Ruolo fondamentale è quello del giovanissimo esordiente Alessandro Sardelli chiamato ad interpretare la pedina dell'omicidio Pasolini: Pino Pelosi: "Adesso, a distanza di tempo, riesco a capire meglio quello che ho fatto. Quando mi è stata consegnata la sceneggiatura l'ho divorata in un pomeriggio. Il mio personaggio, nella sua innocenza, ricorda a Pasolini Ninetto Davoli e ho cercato di immedesimarmi in questo ragazzo che aveva all'incirca la mia età, aiutato dal grande privilegio di lavorare al fianco di attori incredibili che mi hanno aiutato e dai quali ho rubato con gli occhi sul set" al quale si riallaccia Massimo Ranieri che ricorda le settimane di lavorazione trascorse gomito a gomito. "Il nostro è stato un rapporto tenero. Attraverso le nostre cene, anche fuori dal set, riuscivo sempre a guardarlo come Pier Paolo vedeva Pelosi".

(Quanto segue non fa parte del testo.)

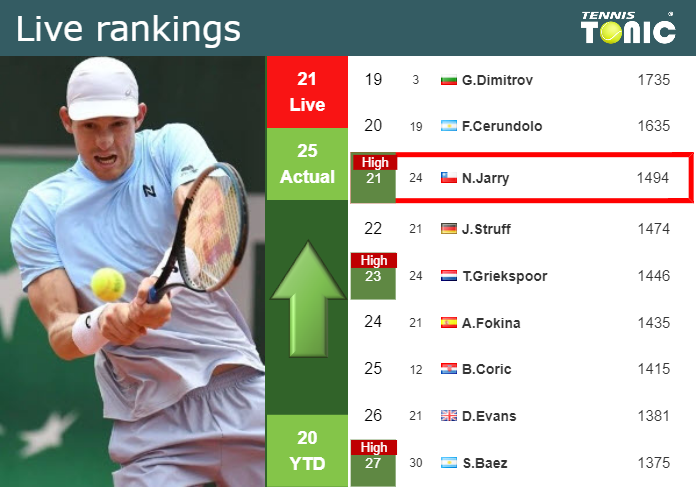 LIVE RANKINGS. Jarry reaches a new career-high ahead of playing De Minaur at the U.S. Open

Prima di concludere la conferenza stampa David Grieco ci ha tenuto a sottolineare, ancora una volta, l'importanza che ha avuto per lui il riportare più fedelmente possibile sullo schermo il Pier Paolo Pasolini che ha conosciuto e con il quale ha lavorato, provando, attraverso il film, a dargli tutta la giustizia che merita, giudiziaria e umana. "Volevo si capisse e sapesse che Pasolini era un uomo molto convinto delle proprie idee ma anche capace di fare autocritica. Forse l'ho smitizzato, come mi ha detto Marina, ma sono contento di averlo fatto".